Severn Valley Country Park is a country park in England, located near Alveley, Shropshire, 8 mi from Bridgnorth, 7 miles from Kidderminster, roughly central in the Severn Valley. Originally the site of a huge coal mine, it is now a 126 acre park consisting of woodland, meadows and riverside banks with views over the River Severn and a Green Flag Award.

==History==
The site was a coal mine for over 400 years, with shafts being put in at Highley in 1870; and the river and then the railway were used to transport the coal. A new shaft was sunk at Alveley in 1935, with production beginning in 1938 and being fully transferred from Highley by 1940. Sidings for the colliery on the Severn Valley Railway opened on 30 January 1939, with coal being transferred to the sidings via a ropeway across the river Severn. The mine finally closed as uneconomic in January 1969. Work started to reclaim the site in 1986; the park was officially opened to the public in 1992.

==Features==
Severn Valley Country Park has many walks around the visitor's centre, as well as beside the river, and in the meadows and woodlands. The visitor's centre itself provides information on the park, a café and toilets. There is also a picnic site nearby and a large carpark. There is an additional picnic site near the river and another in a meadow at the top of the woods.

Severn Valley Country Park offers parents a wide range of fun activities for kids such as Bird Spotters Packs, Bug Hunting Guides and Butterfly Spotters Packs.
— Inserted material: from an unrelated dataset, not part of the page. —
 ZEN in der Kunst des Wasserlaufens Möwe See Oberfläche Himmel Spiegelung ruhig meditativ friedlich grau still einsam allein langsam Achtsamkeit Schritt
Group activities for kids include organised Dinosaur Days, Fossil Hunts, and Pond Dipping Groups. Educational activities for kids include Pond Dipping, Orienteering, Mini-beast Hunts, and River Study events.

A lake and bird-hide are located before the car park. The main path runs down to the riverside. The woodland path stretches down to the riverside and is mainly on a boardwalk; it also contains a brook. There is also a walk along the entrance road to a large meadow with a lake and picnic site which joins onto the woodland path.

Across the bridleway bridge over the Severn is the Country Park Halt on the Severn Valley Railway which was built in 1996 on the site of the former colliery sidings.